BusinessWeek’s latest cover story by Andy Grove (Intel co-founder and former CEO), “How America Can Create Jobs,” makes a strong case against traditional free market economics and in favor of targeted industrial policy to secure American jobs, adding to the growing consensus in favor of a public investment approach to economic growth.

Several of Grove’s arguments align with those in our latest report, “The Power to Compete,” which outlines a comprehensive federal strategy to secure U.S. leadership in the global clean energy industry, including a manufacturing development agenda.  This contrasts to commentators like Thomas Friedman, who consistently argue that modest market incentives like a carbon price are enough to secure U.S. competitiveness.

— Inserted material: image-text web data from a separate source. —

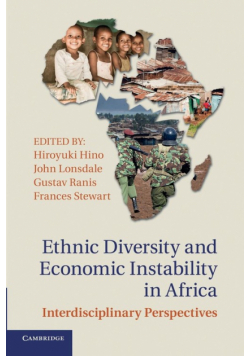 Ethnic Diversity and Economic Instability in Africa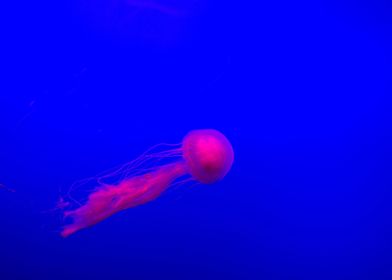Orbital Jellyfish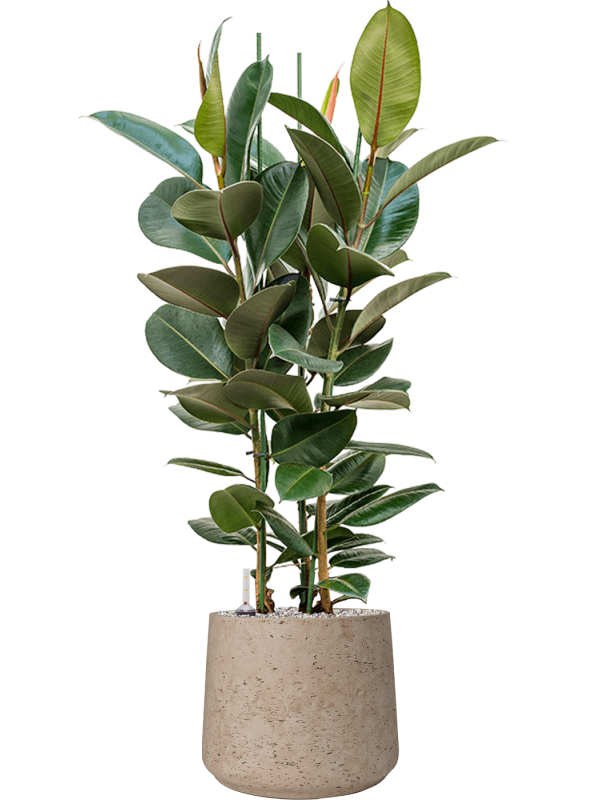 Ansamblu D34xH118cm cu planta naturala Ficus elastica 'Robusta' in ghiveci Rough all inclusive set cu granule decorative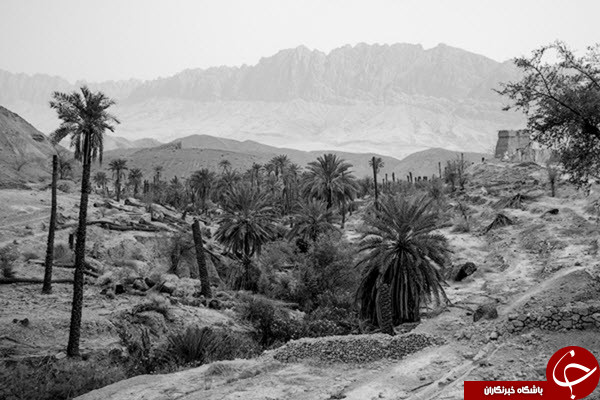 تصاویری از متروکه ها پس از خشکسالی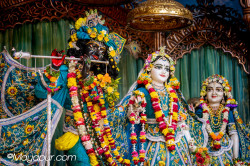 Daily Darshan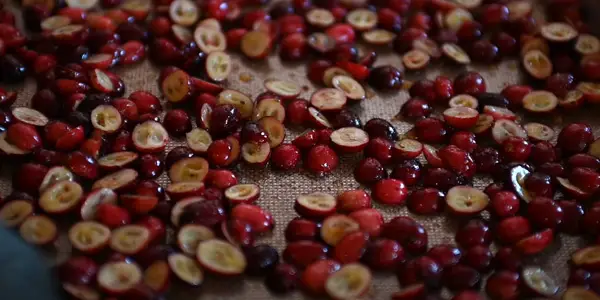 Raw Cranberries for Hamsters- Good or Bad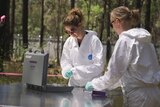 Two researchers in the field at a human body farm.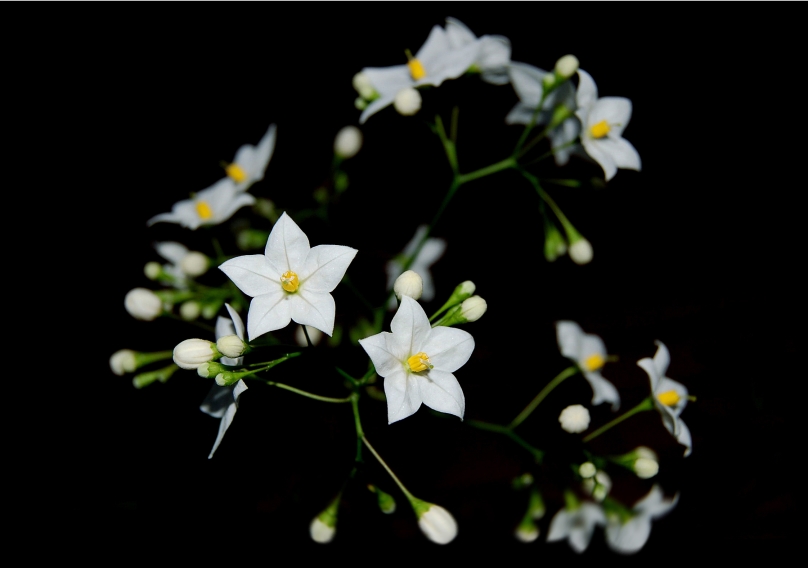 Blume bei Nacht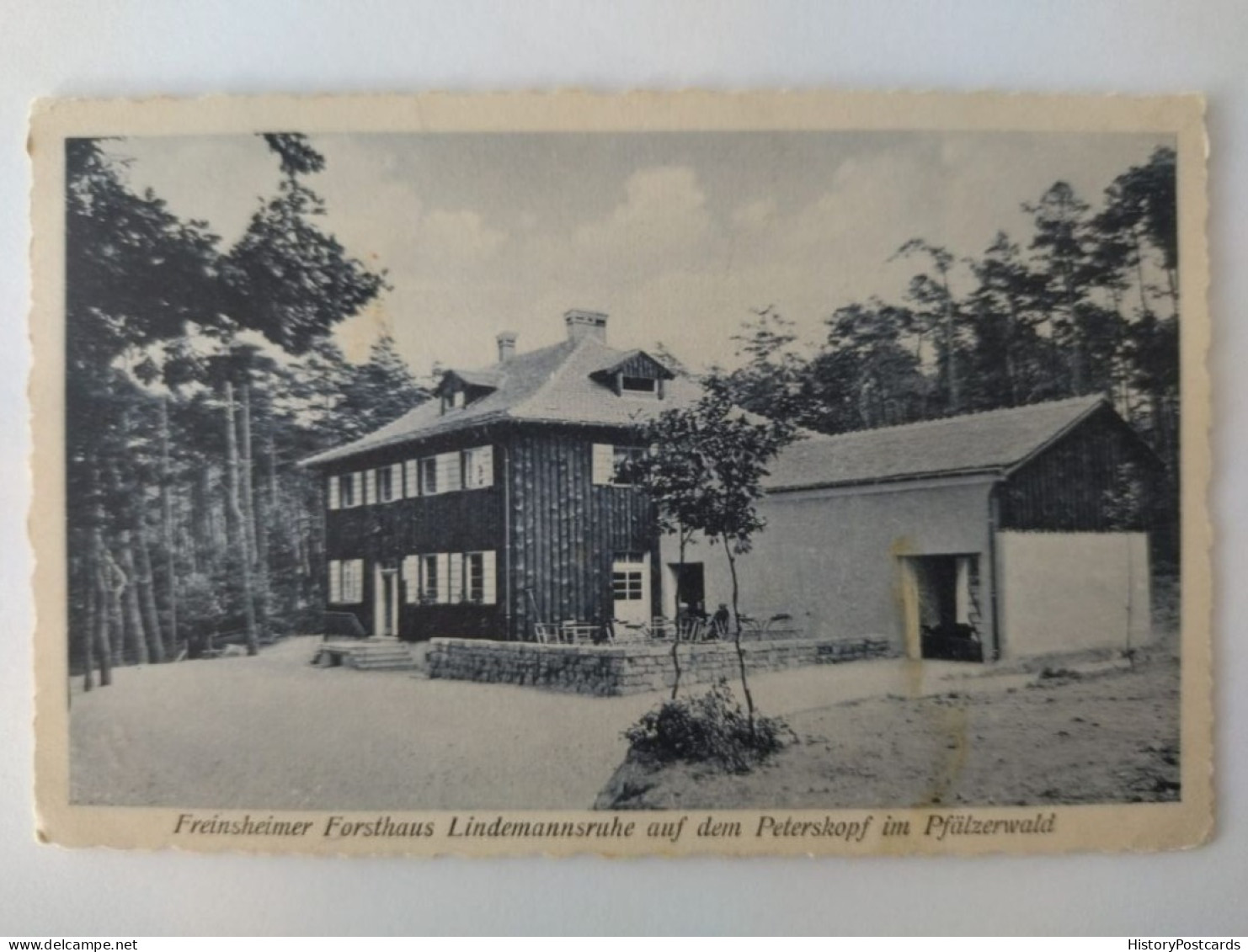 Freinsheimer Forsthaus Lindemannsruhe Auf Dem Peterskopf Im Pfälzerwald, 1929 - Bad Duerkheim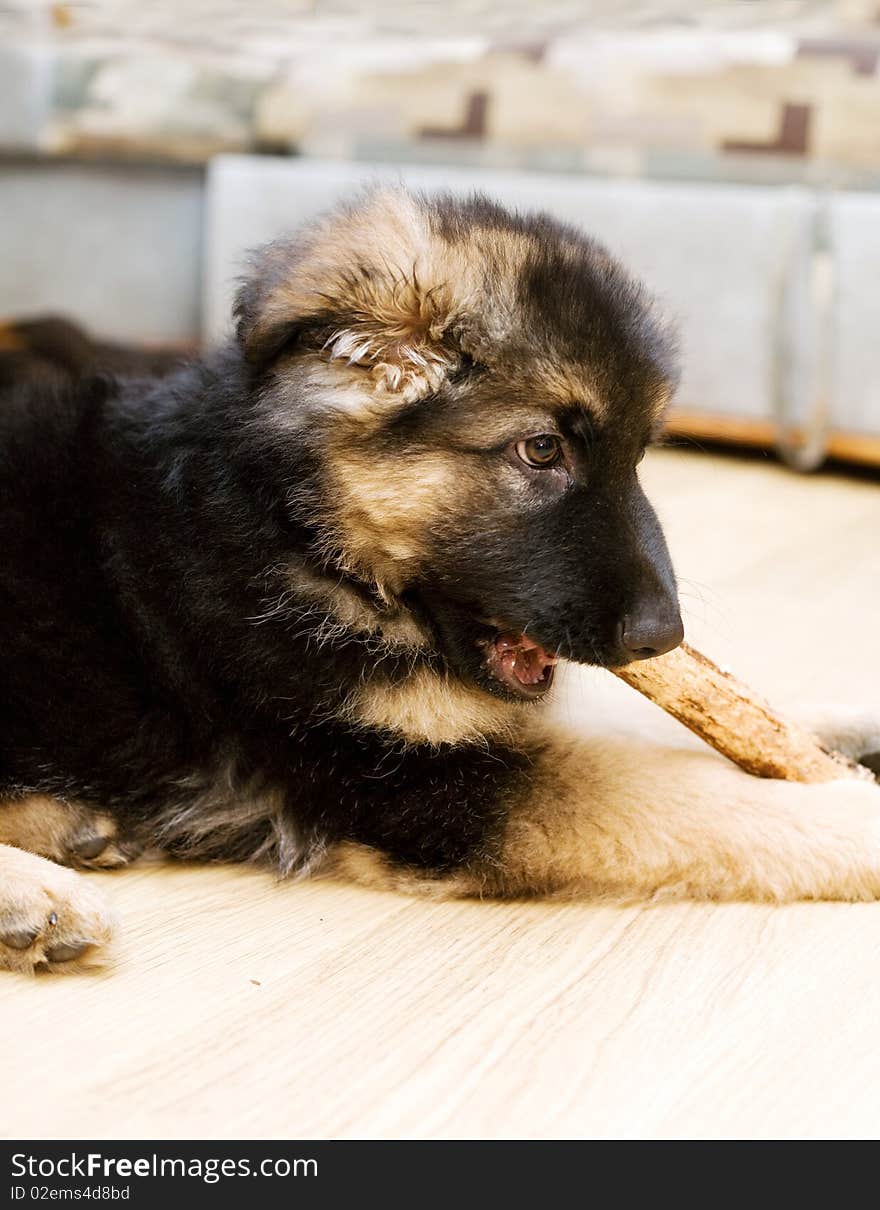 Pappy of german shepherd dog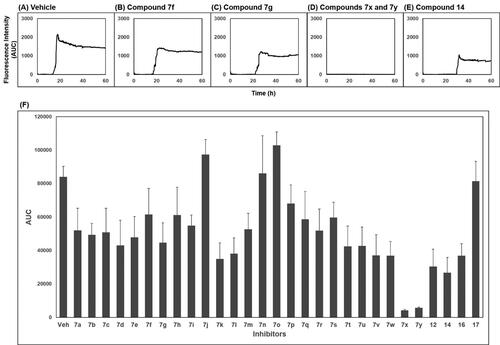 Figure 2. Area under the curve (AUC) of fluorescence curves obtained from PAFA. (A) vehicle condition. (B–E) Representative fluorescence curves by 7f, 7g, 7x, 7y, and 14, respectively. (F) Anti-prion activity of the compounds measured by PAFA. AUC is expressed as mean ± SEM of independent experiments (n = 9). Veh = vehicle condition where DMSO was treated instead of 100 µM compounds.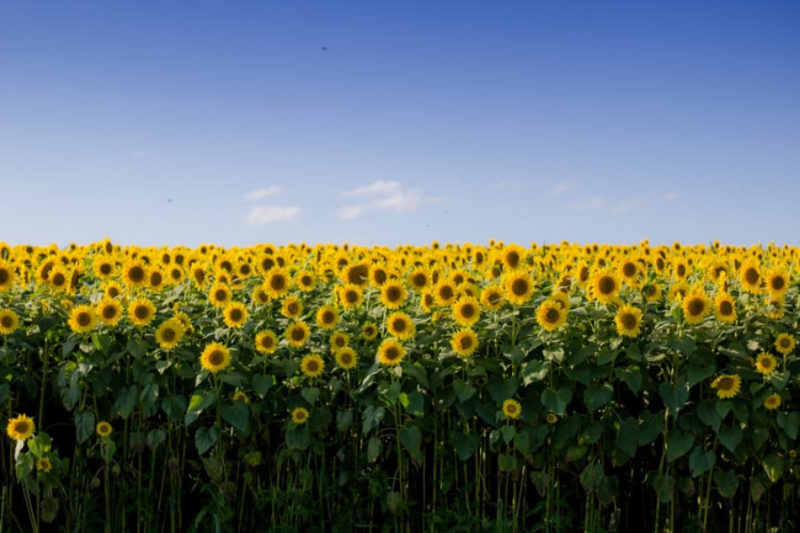 sunflower wallpapers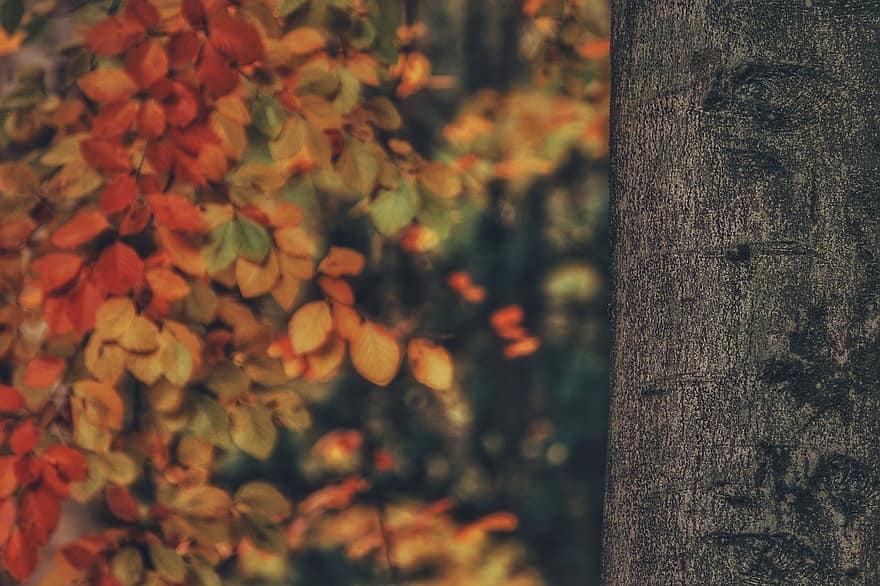 boom, romp, herfst, bladeren, gebladerte, logboek, herfstbladeren, herfst gebladerte, herfstkleuren, herfstseizoen, bladeren vallen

According to Grove, high-tech domestic job creation depends on supportive public policy mechanisms, including targeted public investment, to achieve scaling and economic cluster formation.  It’s not enough to simply create a friendly environment for start-ups.  Unfortunately, the U.S. has lost large numbers of jobs in the computer and clean-tech industries because it has failed to implement a broader industrial development strategy, including investment in manufacturing capacity.  Grove points to the state economic development policies of Asian countries as a potential model, which we examined as related to the clean energy industry in “Rising Tigers, Sleeping Giant“:

Our fundamental economic beliefs, which we have elevated from a conviction based on observation to an unquestioned truism, is that the free market is the best of all economic systems—the freer the better. Our generation has seen the decisive victory of free-market principles over planned economies. So we stick with this belief, largely oblivious to emerging evidence that while free markets beat planned economies, there may be room for a modification that is even better.